There are two primary methods for repair: the Factory-Style Restoration (cleaning, retorquing, and re-pinning) and the Set Screw Modification (a more durable, shooter-grade fix).
Method 1: The Factory-Style Restoration (Loctite & Re-Pin)
This method restores the revolver to its original mechanical configuration but uses modern adhesives to compensate for thread tolerance issues.
1. Removal
- Locate the Pin: Identify the transverse retaining pin at the rear of the frame (usually driven through the frame and arbor threads). (Fig. 1)
- Drive Out: Drive the pin out (typically left-to-right, but check your specific model; some Piettas use a blind pin or purely friction fit, though most have a visible pin). (Fig. 2)
- Unscrew: Remove the arbor.
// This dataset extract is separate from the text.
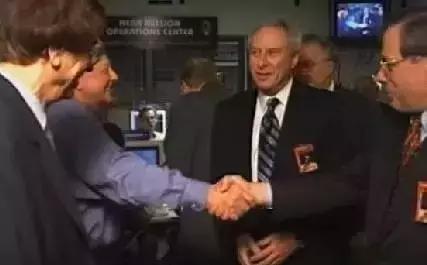 他以轨道作借条掳走美国卫星，巧追彗星碾压各国航天局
If it is loose, it may unscrew by hand. If stubborn, use a strap wrench or a padded vise on the unthreaded shaft—never use pliers that will mar the surface.
2. Clean and Prep
- Degrease: Thoroughly clean the frame threads and arbor threads with acetone or brake cleaner. Remove all old oil, grease, and factory thread locker.
- Dry Fit & Index Check: Screw the arbor back in dry until it bottoms out against the frame shoulder. Check the alignment of the wedge slot.
- Scenario A (Over-rotation): The arbor tightens, but the wedge slot rotates past vertical (e.g., to 1 or 2 o'clock). Fix: You must fabricate a thin metal shim (washer) to place between the arbor shoulder and the frame to stop rotation exactly at vertical.
- Scenario B (Under-rotation): The arbor tightens before the slot reaches vertical (e.g., 10 or 11 o'clock). Fix: Carefully face off the rear shoulder of the arbor (using a lathe or meticulous filing) to allow it to screw in further until the slot aligns perfectly.
3. Final Assembly
- Apply Locker: Apply a high-strength thread locker such as Red Loctite (271) or Rocksett to the threads.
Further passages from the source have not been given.